There are many advocates on both sides of the issue. Eldred is represented by Lawrence Lessig, a law professor at Stanford Law School's Center for Internet and Society (http://cyberlaw.stanford.edu), and by professors Charles Nesson and Jonathan Zittrain of Harvard's Berkman Center for Internet & Society (http://cyber.law.harvard.edu). In addition, a number of library associations, intellectual property and constitutional law professors, and Internet advocacy groups have filed amicus (friend of the court) briefs in support of Eldred. Amicus briefs supporting the CTEA were filed by publishing associations and authors' advocacy groups.
Like the Supreme Court's Tasini decision last summer, the outcome of this case is likely to have a significant impact on access to and control of content on the Internet. The Internet's ability to provide mass access to content at a comparatively low cost is an ideal platform for making available works that would otherwise not be marketable for reasons of age, specialized interest, or cost. Tasini's restoration to individual authors of the copyright control over their articles is one such source for this content. The movement of copyrighted works into the public domain is another. It's no coincidence that many of the petitioners in Eldred v. Ashcroft are nonprofit and boutique publishers that primarily make public-domain works available through the Internet as e-books or as low-cost print books.
A number of newspaper and other articles on the CTEA have pointed out that large media companies like Disney and AOL Time Warner stand to benefit significantly from it. The copyright for the character of Mickey Mouse, for example, was to expire in 2003 and is now continued until 2023. Copyrights for the great movies, music, and literature of the late 1920s and 1930s (such as both the book and film versions of Gone with the Wind, the songs of the Gershwins, the novels of F. Scott Fitzgerald, and films like The Jazz Singer and Frankenstein) that would soon be moving into the public domain are now locked up until the next decade at the earliest.
While there may be a legitimate reason to be concerned about the availability of those great works, there's a greater reason to be concerned about the loss of pieces of our cultural history. Thousands of out-of-print books, journals, musical compositions, scripts, and other "useful Arts" from the 1920s and 1930s risk being lost to time.
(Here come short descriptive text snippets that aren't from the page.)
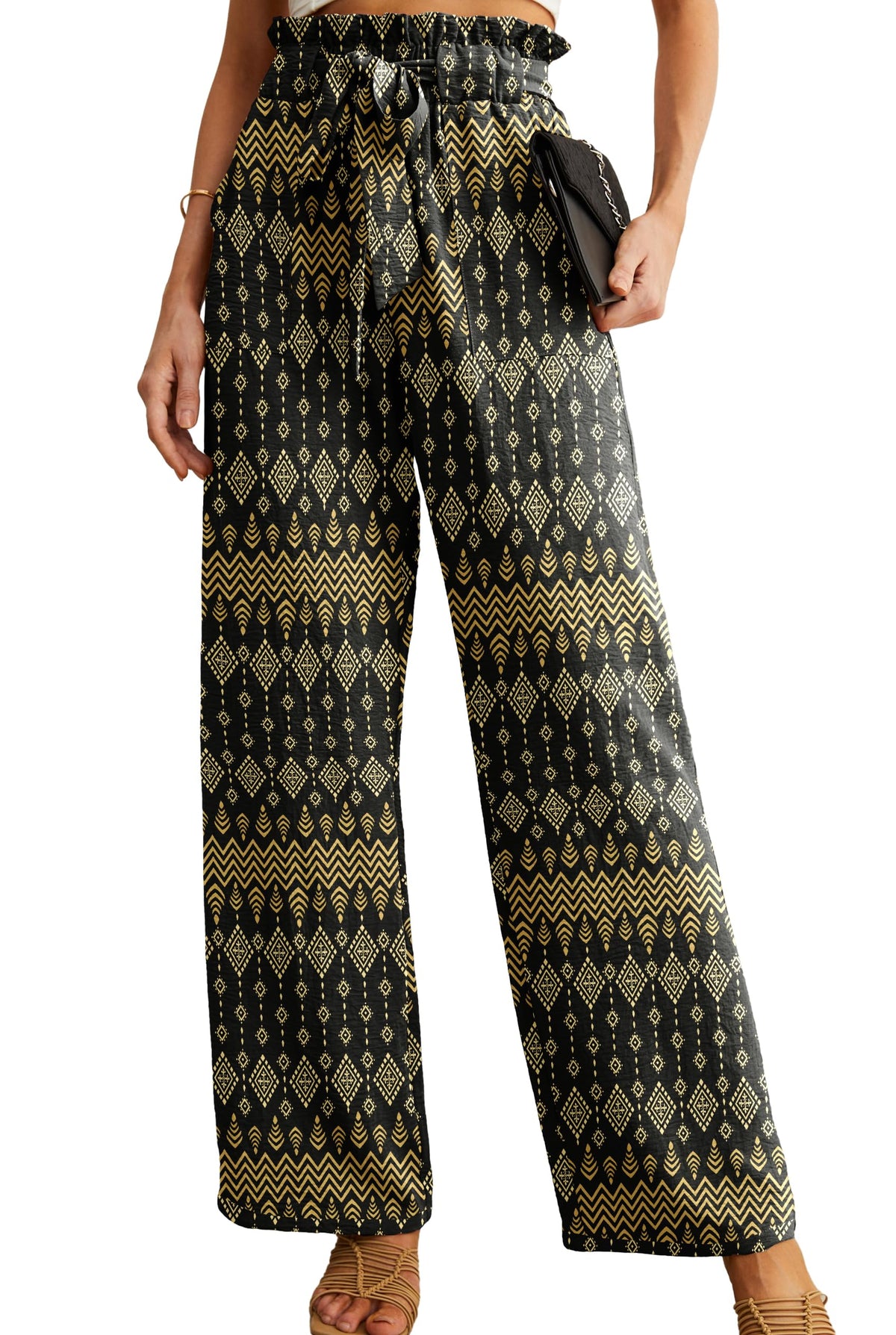 Iwollence Unique Adjustable Knot Palazzo Pants Women - Style 27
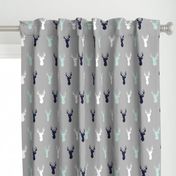 Deer - Navy,mint,grey,white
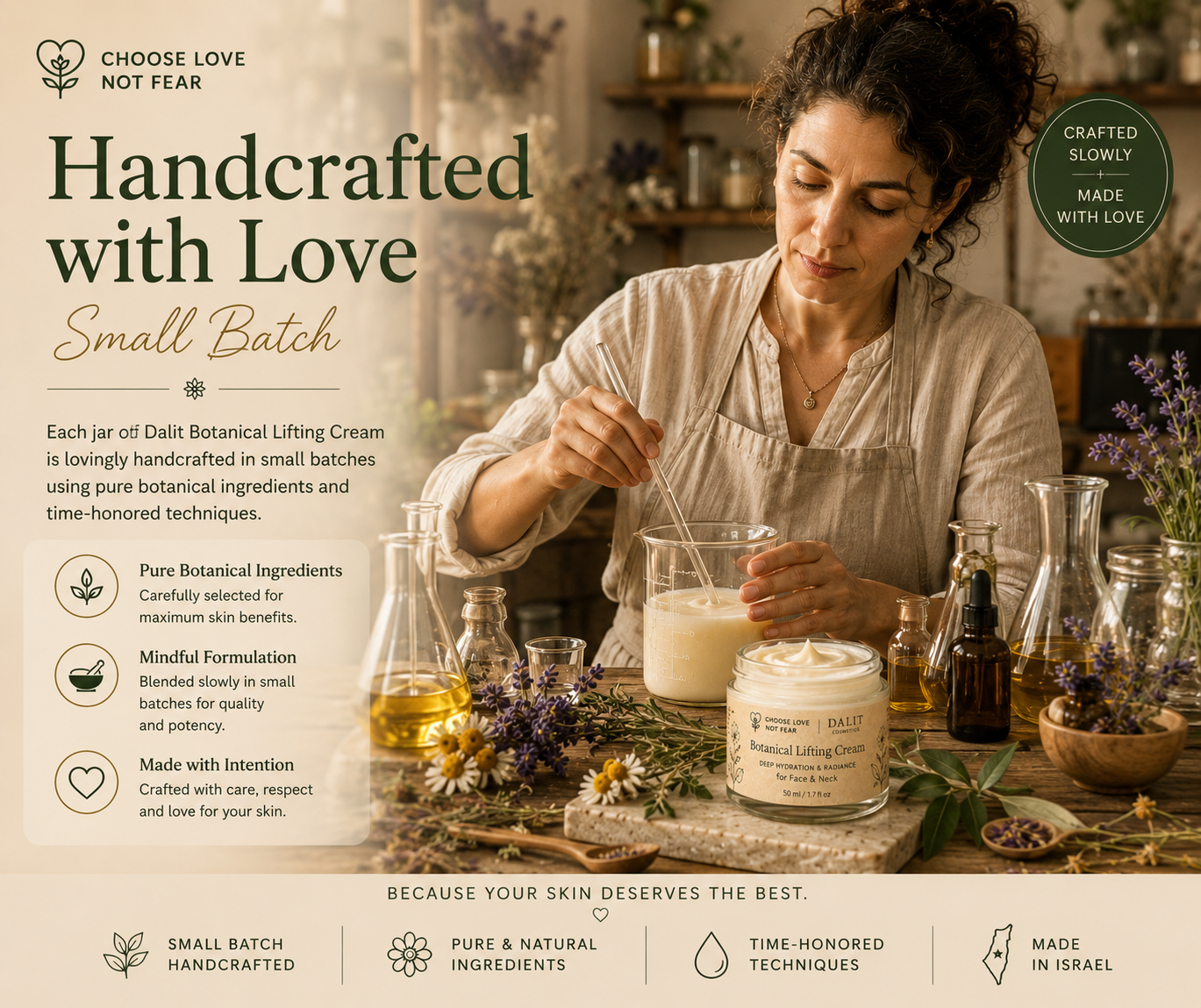 Botanical Lifting Cream for Face & Neck | Natural Anti-Aging Moisturizer | Handmade in Israel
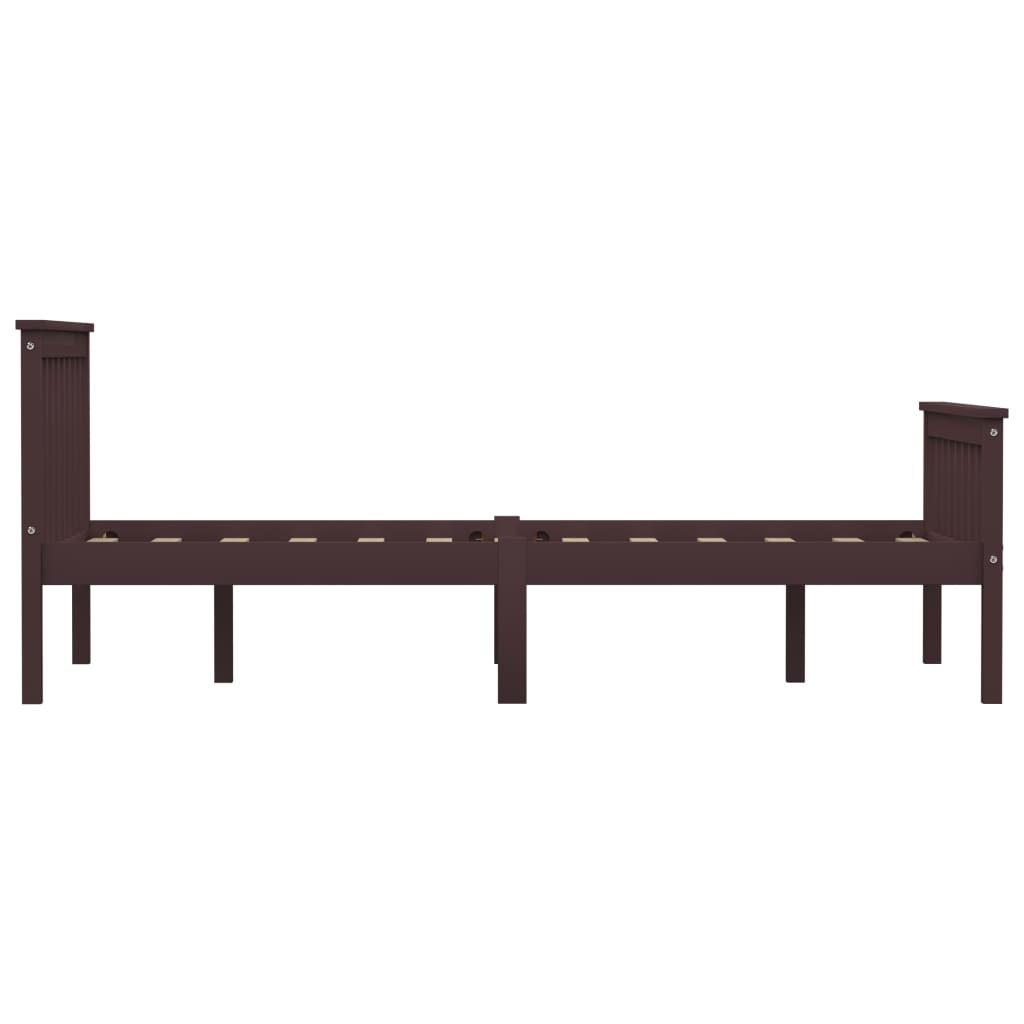 Bedframe Massief Grenenhout 120 x 200 cm Donkerbruin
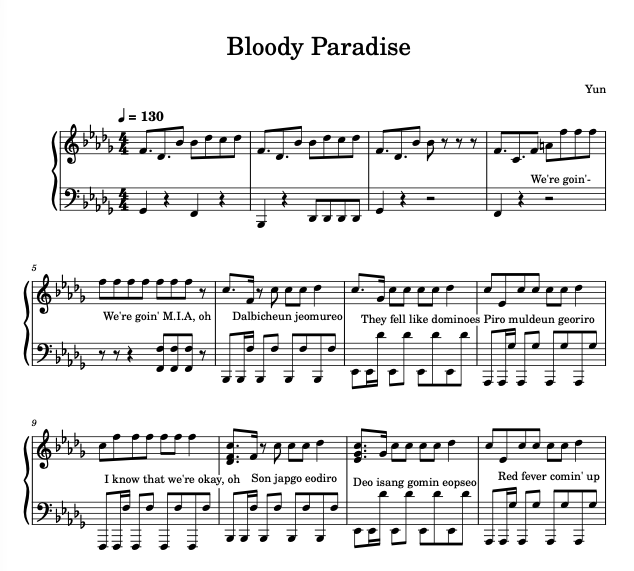 Bloody Paradise ENHYPEN Sheet Music ( Full Version )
The existing copyright holders—for legitimate reasons of cost or market—are not in a position to reprint or republish these works. But if they were in the public domain they could be made available on the Internet at minimal cost.
Pursuing copyright issues in the courts is only one mechanism being evaluated to strengthen the amount of content available through the Internet. In an upcoming Legal Issues column in Information Today I will be looking at the still developing concept of "copyleft." An intellectual work published under a copyleft agreement is made available in the public domain and can be freely copied, modified, or adapted by subsequent users. However, those users agree that as a condition of their use, they in turn must make their modifications or adaptations freely available in the public domain as well, subject to the same continuing copyleft agreement. Copylefts have been a part of open source software development for some time. Recently, however, copylefts have been explored as a tool that authors and publishers can use to make certain their creative content on the Internet remains public. Copylefts may also provide protection for publishers of public domain content, ensuring that the content remains public notwithstanding any future use or adaptation.
The Supreme Court will soon schedule oral arguments in the Eldred v. Ashcroft case, and a decision is likely to be issued during the 2002-2003 term.